#### [TASK OBJECTIVE]
This exercise asks for the entries below to be printed exactly.

#### [EXTRACTED DATA]
=== Begin Enclosure ===

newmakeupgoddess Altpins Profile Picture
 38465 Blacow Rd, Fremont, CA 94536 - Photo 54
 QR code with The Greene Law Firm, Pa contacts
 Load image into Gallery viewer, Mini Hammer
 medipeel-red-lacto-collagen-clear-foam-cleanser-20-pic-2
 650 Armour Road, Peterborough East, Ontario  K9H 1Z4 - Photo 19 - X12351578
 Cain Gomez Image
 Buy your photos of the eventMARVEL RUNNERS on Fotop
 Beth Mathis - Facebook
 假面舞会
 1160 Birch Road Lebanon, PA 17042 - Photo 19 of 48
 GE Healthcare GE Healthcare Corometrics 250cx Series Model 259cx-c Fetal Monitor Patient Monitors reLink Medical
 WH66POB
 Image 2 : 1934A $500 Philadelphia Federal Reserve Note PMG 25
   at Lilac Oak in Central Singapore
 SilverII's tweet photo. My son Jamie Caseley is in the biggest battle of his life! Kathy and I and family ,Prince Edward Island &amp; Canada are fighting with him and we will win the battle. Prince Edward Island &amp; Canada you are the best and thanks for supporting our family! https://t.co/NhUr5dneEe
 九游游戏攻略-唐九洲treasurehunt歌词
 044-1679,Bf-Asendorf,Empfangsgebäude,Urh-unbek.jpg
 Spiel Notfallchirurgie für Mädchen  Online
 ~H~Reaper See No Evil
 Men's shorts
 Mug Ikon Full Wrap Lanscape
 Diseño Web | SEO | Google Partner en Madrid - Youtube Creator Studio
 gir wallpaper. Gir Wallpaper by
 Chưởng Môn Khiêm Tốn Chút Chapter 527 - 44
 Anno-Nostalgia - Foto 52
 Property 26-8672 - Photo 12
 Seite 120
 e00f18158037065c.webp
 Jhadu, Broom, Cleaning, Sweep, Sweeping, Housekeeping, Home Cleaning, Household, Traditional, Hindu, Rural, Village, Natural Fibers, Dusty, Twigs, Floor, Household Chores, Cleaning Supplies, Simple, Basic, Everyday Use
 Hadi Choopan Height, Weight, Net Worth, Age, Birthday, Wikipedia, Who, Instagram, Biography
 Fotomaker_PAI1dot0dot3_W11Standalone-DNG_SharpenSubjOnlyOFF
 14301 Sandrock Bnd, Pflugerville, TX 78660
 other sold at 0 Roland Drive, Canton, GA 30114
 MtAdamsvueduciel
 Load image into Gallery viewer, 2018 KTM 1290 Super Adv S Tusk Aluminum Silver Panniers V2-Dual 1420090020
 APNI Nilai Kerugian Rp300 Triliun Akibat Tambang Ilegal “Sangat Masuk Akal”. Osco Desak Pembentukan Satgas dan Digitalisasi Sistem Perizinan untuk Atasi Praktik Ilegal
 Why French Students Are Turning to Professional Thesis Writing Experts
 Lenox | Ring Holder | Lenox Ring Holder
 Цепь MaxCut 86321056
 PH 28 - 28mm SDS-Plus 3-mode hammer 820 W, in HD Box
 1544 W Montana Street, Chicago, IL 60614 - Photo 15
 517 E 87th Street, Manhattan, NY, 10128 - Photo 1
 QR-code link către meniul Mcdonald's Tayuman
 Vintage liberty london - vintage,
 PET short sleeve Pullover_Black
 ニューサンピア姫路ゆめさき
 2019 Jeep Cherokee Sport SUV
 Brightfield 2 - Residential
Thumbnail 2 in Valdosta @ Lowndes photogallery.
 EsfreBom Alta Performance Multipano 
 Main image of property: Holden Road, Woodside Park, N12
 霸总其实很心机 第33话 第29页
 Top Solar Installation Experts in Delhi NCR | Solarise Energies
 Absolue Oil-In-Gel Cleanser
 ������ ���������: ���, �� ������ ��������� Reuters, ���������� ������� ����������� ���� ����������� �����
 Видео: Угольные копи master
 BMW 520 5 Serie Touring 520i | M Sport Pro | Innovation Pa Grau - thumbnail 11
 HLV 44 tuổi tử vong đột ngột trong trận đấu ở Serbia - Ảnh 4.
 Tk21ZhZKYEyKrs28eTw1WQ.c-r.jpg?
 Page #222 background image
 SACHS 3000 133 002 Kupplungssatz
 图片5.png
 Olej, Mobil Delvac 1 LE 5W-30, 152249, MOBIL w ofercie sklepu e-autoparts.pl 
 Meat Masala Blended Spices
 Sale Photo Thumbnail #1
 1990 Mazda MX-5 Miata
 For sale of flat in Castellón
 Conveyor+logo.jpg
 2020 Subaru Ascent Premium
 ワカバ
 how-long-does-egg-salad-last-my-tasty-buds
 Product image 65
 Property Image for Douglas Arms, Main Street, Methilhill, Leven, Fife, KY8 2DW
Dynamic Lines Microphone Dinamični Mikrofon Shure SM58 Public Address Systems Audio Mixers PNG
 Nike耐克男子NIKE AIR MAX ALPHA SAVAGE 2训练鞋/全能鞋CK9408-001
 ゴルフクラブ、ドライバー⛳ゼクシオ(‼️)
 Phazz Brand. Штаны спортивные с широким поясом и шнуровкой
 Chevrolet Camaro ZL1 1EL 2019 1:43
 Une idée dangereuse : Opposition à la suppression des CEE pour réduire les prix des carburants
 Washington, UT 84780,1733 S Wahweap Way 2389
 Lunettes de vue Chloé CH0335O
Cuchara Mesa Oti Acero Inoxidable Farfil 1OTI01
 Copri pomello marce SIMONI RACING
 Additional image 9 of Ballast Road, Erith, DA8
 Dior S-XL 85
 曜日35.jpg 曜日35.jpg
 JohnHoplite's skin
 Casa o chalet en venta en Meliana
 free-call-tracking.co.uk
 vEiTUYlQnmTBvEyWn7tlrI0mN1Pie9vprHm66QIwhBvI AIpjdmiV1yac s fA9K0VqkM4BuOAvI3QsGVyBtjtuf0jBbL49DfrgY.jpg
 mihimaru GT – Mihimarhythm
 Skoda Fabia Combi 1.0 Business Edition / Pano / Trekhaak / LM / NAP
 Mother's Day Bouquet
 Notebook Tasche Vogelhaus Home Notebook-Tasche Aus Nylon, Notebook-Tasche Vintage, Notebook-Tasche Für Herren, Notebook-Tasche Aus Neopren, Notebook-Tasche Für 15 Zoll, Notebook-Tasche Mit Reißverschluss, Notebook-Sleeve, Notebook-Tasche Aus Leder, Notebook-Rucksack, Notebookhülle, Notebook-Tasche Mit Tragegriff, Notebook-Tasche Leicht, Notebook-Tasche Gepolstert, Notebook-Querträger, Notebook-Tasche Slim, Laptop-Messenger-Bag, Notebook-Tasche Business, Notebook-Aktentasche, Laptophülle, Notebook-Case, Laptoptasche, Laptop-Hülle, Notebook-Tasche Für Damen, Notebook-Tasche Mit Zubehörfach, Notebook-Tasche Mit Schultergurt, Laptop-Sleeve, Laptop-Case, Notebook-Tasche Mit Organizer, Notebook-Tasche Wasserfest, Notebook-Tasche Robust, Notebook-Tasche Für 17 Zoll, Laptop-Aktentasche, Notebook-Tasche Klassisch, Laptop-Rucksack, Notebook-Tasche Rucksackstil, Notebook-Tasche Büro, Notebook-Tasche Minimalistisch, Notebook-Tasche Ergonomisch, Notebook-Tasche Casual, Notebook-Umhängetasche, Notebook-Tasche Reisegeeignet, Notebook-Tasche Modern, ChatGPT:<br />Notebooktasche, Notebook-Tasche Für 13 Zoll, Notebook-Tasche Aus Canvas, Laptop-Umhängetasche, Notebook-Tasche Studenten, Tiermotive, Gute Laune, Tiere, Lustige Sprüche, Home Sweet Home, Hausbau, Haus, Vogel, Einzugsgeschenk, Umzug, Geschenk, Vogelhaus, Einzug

=== End Enclosure ===

#### [YOUR SOLUTION]
newmakeupgoddess Altpins Profile Picture
 38465 Blacow Rd, Fremont, CA 94536 - Photo 54
 QR code with The Greene Law Firm, Pa contacts
 Load image into Gallery viewer, Mini Hammer
 medipeel-red-lacto-collagen-clear-foam-cleanser-20-pic-2
 650 Armour Road, Peterborough East, Ontario  K9H 1Z4 - Photo 19 - X12351578
 Cain Gomez Image
 Buy your photos of the eventMARVEL RUNNERS on Fotop
 Beth Mathis - Facebook
 假面舞会
 1160 Birch Road Lebanon, PA 17042 - Photo 19 of 48
 GE Healthcare GE Healthcare Corometrics 250cx Series Model 259cx-c Fetal Monitor Patient Monitors reLink Medical
 WH66POB
 Image 2 : 1934A $500 Philadelphia Federal Reserve Note PMG 25
   at Lilac Oak in Central Singapore
 SilverII's tweet photo. My son Jamie Caseley is in the biggest battle of his life! Kathy and I and family ,Prince Edward Island &amp; Canada are fighting with him and we will win the battle. Prince Edward Island &amp; Canada you are the best and thanks for supporting our family! https://t.co/NhUr5dneEe
 九游游戏攻略-唐九洲treasurehunt歌词
 044-1679,Bf-Asendorf,Empfangsgebäude,Urh-unbek.jpg
 Spiel Notfallchirurgie für Mädchen  Online
 ~H~Reaper See No Evil
 Men's shorts
 Mug Ikon Full Wrap Lanscape
 Diseño Web | SEO | Google Partner en Madrid - Youtube Creator Studio
 gir wallpaper. Gir Wallpaper by
 Chưởng Môn Khiêm Tốn Chút Chapter 527 - 44
 Anno-Nostalgia - Foto 52
 Property 26-8672 - Photo 12
 Seite 120
 e00f18158037065c.webp
 Jhadu, Broom, Cleaning, Sweep, Sweeping, Housekeeping, Home Cleaning, Household, Traditional, Hindu, Rural, Village, Natural Fibers, Dusty, Twigs, Floor, Household Chores, Cleaning Supplies, Simple, Basic, Everyday Use
 Hadi Choopan Height, Weight, Net Worth, Age, Birthday, Wikipedia, Who, Instagram, Biography
 Fotomaker_PAI1dot0dot3_W11Standalone-DNG_SharpenSubjOnlyOFF
 14301 Sandrock Bnd, Pflugerville, TX 78660
 other sold at 0 Roland Drive, Canton, GA 30114
 MtAdamsvueduciel
 Load image into Gallery viewer, 2018 KTM 1290 Super Adv S Tusk Aluminum Silver Panniers V2-Dual 1420090020
 APNI Nilai Kerugian Rp300 Triliun Akibat Tambang Ilegal “Sangat Masuk Akal”. Osco Desak Pembentukan Satgas dan Digitalisasi Sistem Perizinan untuk Atasi Praktik Ilegal
 Why French Students Are Turning to Professional Thesis Writing Experts
 Lenox | Ring Holder | Lenox Ring Holder
 Цепь MaxCut 86321056
 PH 28 - 28mm SDS-Plus 3-mode hammer 820 W, in HD Box
 1544 W Montana Street, Chicago, IL 60614 - Photo 15
 517 E 87th Street, Manhattan, NY, 10128 - Photo 1
 QR-code link către meniul Mcdonald's Tayuman
 Vintage liberty london - vintage,
 PET short sleeve Pullover_Black
 ニューサンピア姫路ゆめさき
 2019 Jeep Cherokee Sport SUV
 Brightfield 2 - Residential
Thumbnail 2 in Valdosta @ Lowndes photogallery.
 EsfreBom Alta Performance Multipano 
 Main image of property: Holden Road, Woodside Park, N12
 霸总其实很心机 第33话 第29页
 Top Solar Installation Experts in Delhi NCR | Solarise Energies
 Absolue Oil-In-Gel Cleanser
 ������ ���������: ���, �� ������ ��������� Reuters, ���������� ������� ����������� ���� ����������� �����
 Видео: Угольные копи master
 BMW 520 5 Serie Touring 520i | M Sport Pro | Innovation Pa Grau - thumbnail 11
 HLV 44 tuổi tử vong đột ngột trong trận đấu ở Serbia - Ảnh 4.
 Tk21ZhZKYEyKrs28eTw1WQ.c-r.jpg?
 Page #222 background image
 SACHS 3000 133 002 Kupplungssatz
 图片5.png
 Olej, Mobil Delvac 1 LE 5W-30, 152249, MOBIL w ofercie sklepu e-autoparts.pl 
 Meat Masala Blended Spices
 Sale Photo Thumbnail #1
 1990 Mazda MX-5 Miata
 For sale of flat in Castellón
 Conveyor+logo.jpg
 2020 Subaru Ascent Premium
 ワカバ
 how-long-does-egg-salad-last-my-tasty-buds
 Product image 65
 Property Image for Douglas Arms, Main Street, Methilhill, Leven, Fife, KY8 2DW
Dynamic Lines Microphone Dinamični Mikrofon Shure SM58 Public Address Systems Audio Mixers PNG
 Nike耐克男子NIKE AIR MAX ALPHA SAVAGE 2训练鞋/全能鞋CK9408-001
 ゴルフクラブ、ドライバー⛳ゼクシオ(‼️)
 Phazz Brand. Штаны спортивные с широким поясом и шнуровкой
 Chevrolet Camaro ZL1 1EL 2019 1:43
 Une idée dangereuse : Opposition à la suppression des CEE pour réduire les prix des carburants
 Washington, UT 84780,1733 S Wahweap Way 2389
 Lunettes de vue Chloé CH0335O
Cuchara Mesa Oti Acero Inoxidable Farfil 1OTI01
 Copri pomello marce SIMONI RACING
 Additional image 9 of Ballast Road, Erith, DA8
 Dior S-XL 85
 曜日35.jpg 曜日35.jpg
 JohnHoplite's skin
 Casa o chalet en venta en Meliana
 free-call-tracking.co.uk
 vEiTUYlQnmTBvEyWn7tlrI0mN1Pie9vprHm66QIwhBvI AIpjdmiV1yac s fA9K0VqkM4BuOAvI3QsGVyBtjtuf0jBbL49DfrgY.jpg
 mihimaru GT – Mihimarhythm
 Skoda Fabia Combi 1.0 Business Edition / Pano / Trekhaak / LM / NAP
 Mother's Day Bouquet
 Notebook Tasche Vogelhaus Home Notebook-Tasche Aus Nylon, Notebook-Tasche Vintage, Notebook-Tasche Für Herren, Notebook-Tasche Aus Neopren, Notebook-Tasche Für 15 Zoll, Notebook-Tasche Mit Reißverschluss, Notebook-Sleeve, Notebook-Tasche Aus Leder, Notebook-Rucksack, Notebookhülle, Notebook-Tasche Mit Tragegriff, Notebook-Tasche Leicht, Notebook-Tasche Gepolstert, Notebook-Querträger, Notebook-Tasche Slim, Laptop-Messenger-Bag, Notebook-Tasche Business, Notebook-Aktentasche, Laptophülle, Notebook-Case, Laptoptasche, Laptop-Hülle, Notebook-Tasche Für Damen, Notebook-Tasche Mit Zubehörfach, Notebook-Tasche Mit Schultergurt, Laptop-Sleeve, Laptop-Case, Notebook-Tasche Mit Organizer, Notebook-Tasche Wasserfest, Notebook-Tasche Robust, Notebook-Tasche Für 17 Zoll, Laptop-Aktentasche, Notebook-Tasche Klassisch, Laptop-Rucksack, Notebook-Tasche Rucksackstil, Notebook-Tasche Büro, Notebook-Tasche Minimalistisch, Notebook-Tasche Ergonomisch, Notebook-Tasche Casual, Notebook-Umhängetasche, Notebook-Tasche Reisegeeignet, Notebook-Tasche Modern, ChatGPT:<br />Notebooktasche, Notebook-Tasche Für 13 Zoll, Notebook-Tasche Aus Canvas, Laptop-Umhängetasche, Notebook-Tasche Studenten, Tiermotive, Gute Laune, Tiere, Lustige Sprüche, Home Sweet Home, Hausbau, Haus, Vogel, Einzugsgeschenk, Umzug, Geschenk, Vogelhaus, Einzug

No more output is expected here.